DeLauro recently wrote a letter to Deputy Assistant Secretary for Labor Lauren Sweatt, asking for a thorough investigation of what happened. In her letter, she brought up other incidents that have occurred at the plant in recent history.
“This tragic fatality comes after several other troubling incidents in recent years, according to OSHA’s own records. In 2016, the plant was cited for violating basic safety precautions after a worker suffered an amputation. Since July 2017, the plant has reported three severe injuries; none of which resulted in any OSHA plant inspection. And, this past spring, the plant was cited for now following OSHA’s process safety management standard for highly hazardous chemicals,” DeLauro’s letter read.
She also questioned whether line speeds at the plant were safe.
“Despite this appalling track record on workplace safety, in April 2019 the plant sought, and received, a special waiver from the U.S. Department of Agriculture to increase the speed of their poultry slaughter line. Increased line speeds can impact all workers in the plant, and, as you are aware, there is a growing body of data documenting the association between faster line speeds and worker injuries,” DeLauro wrote.

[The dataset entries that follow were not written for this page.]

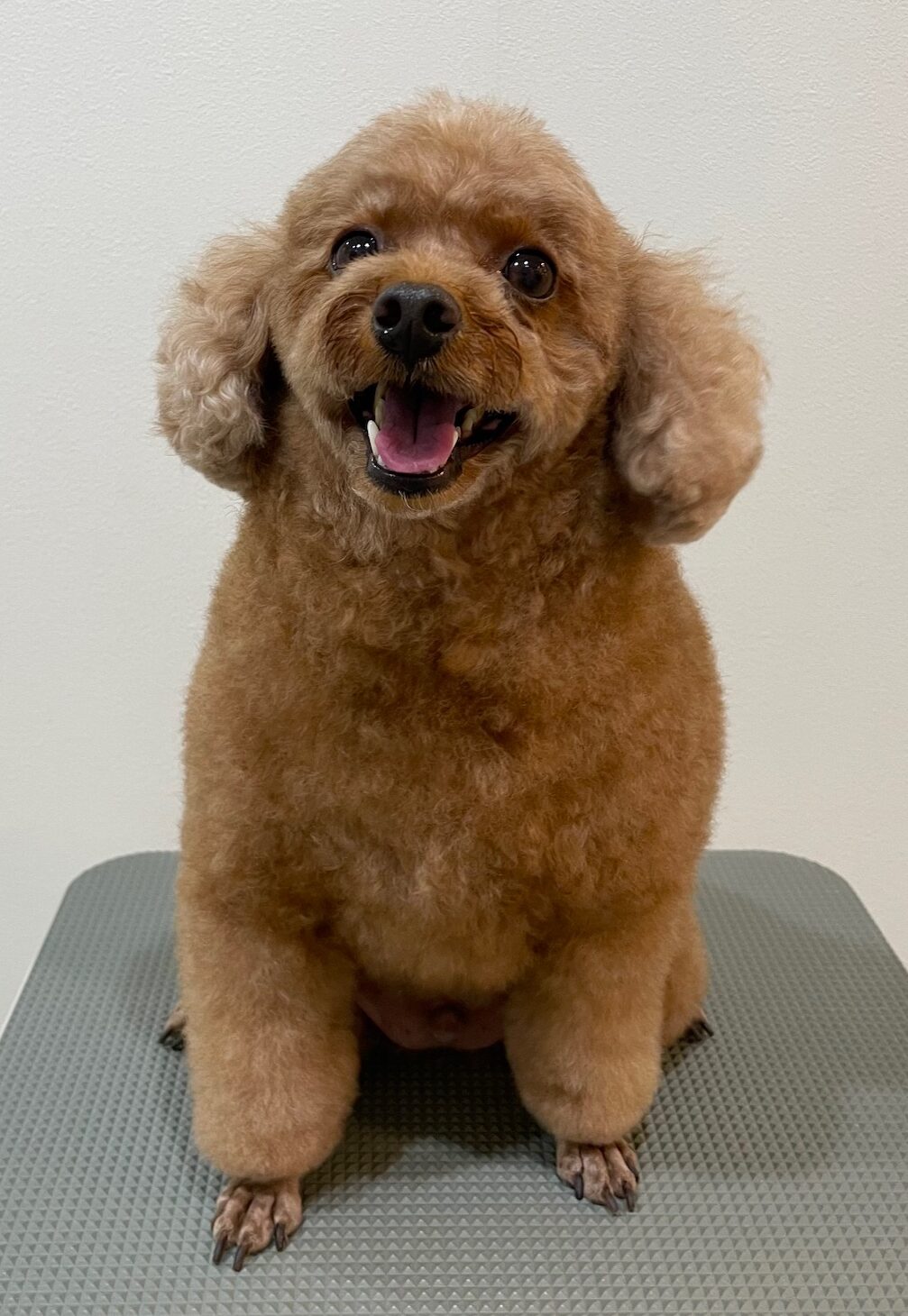 2025-11-14%e5%b0%8f%e9%87%8e%e3%81%8f%e3%81%85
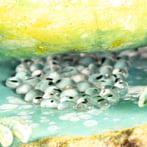 LichenToadEggs13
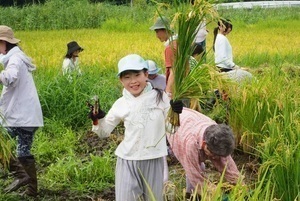 刈った稲を手にする子ども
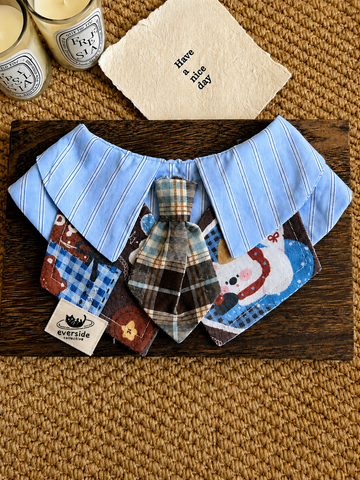 Playful Triangle Pet Bandana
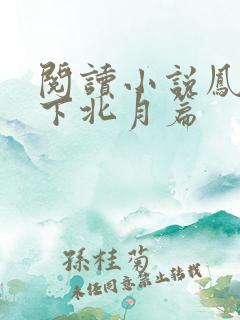 阅读小说凤逆天下北月篇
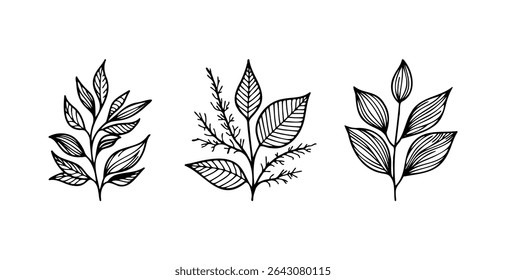 Botanical Leaf Branch Line Art on white background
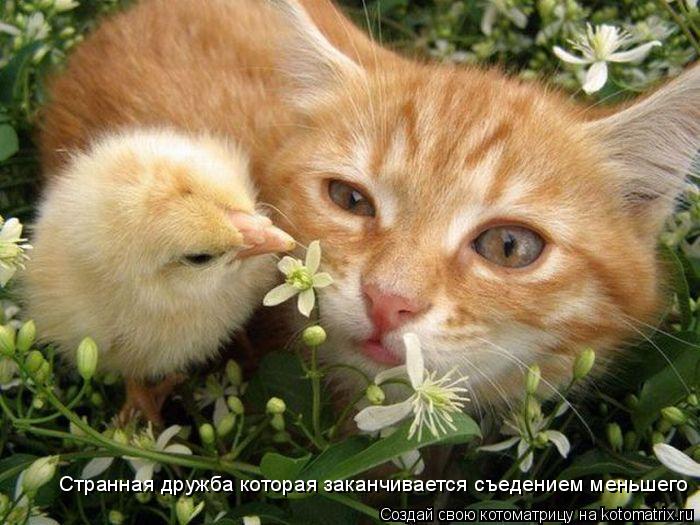 Странная дружба которая заканчивается съедением меньшего... Котоматрица: Странная дружба которая заканчивается съедением меньшего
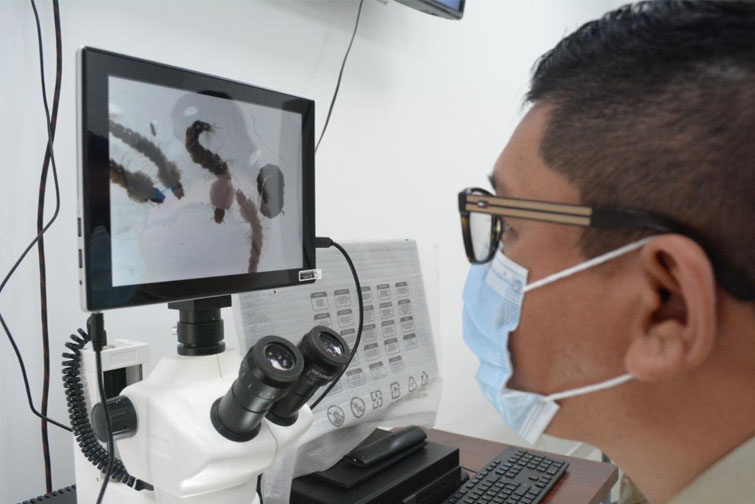 Salud fortalece Laboratorio Entomológico de Escuintla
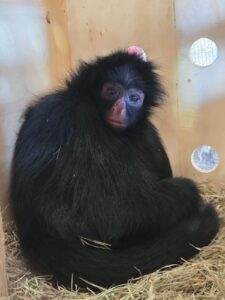 Macaco-aranha-de-cara-preta chega ao Zoo de Brasília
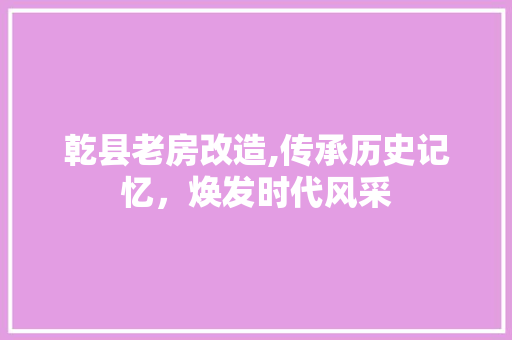 乾县老房改造,传承历史记忆，焕发时代风采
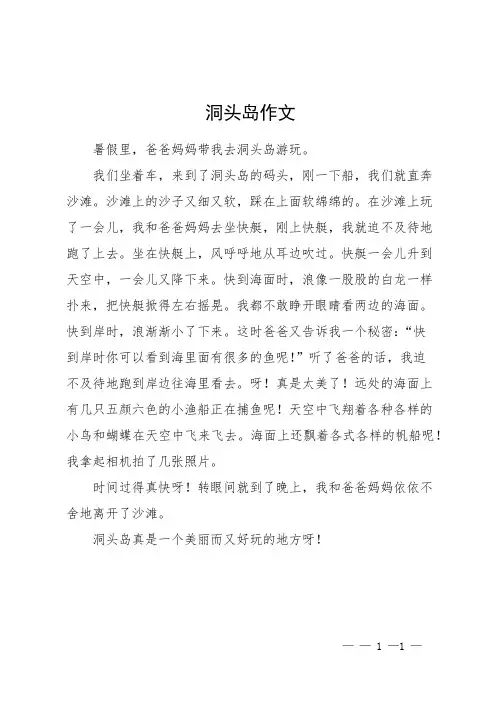 洞头岛作文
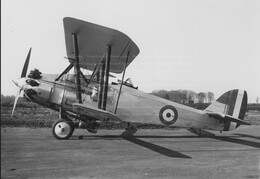 Bristol Beaver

“I have concerns regarding the agency’s commitment to investigating this matter, in light of the fact that OSHA currently has the fewest number of inspectors in recent history. All workers have a right to a safe workplace, and no worker should ever have to sacrifice their life for a paycheck. The agency must make sure that this fatality, and all worker fatalities, receives the resources and comprehensive attention it deserves.”
In 2017, DeLauro led an effort to convince U.S. Agriculture Secretary Sonny Perdue that line speeds at poultry plants should not be increased, saying any attempt to increase line speeds would have detrimental effects of food, worker and animal safety. The USDA would go on to determine that plants could obtain poultry processing line speed waivers that would allow them to operate at speeds of up to 175 birds per minute.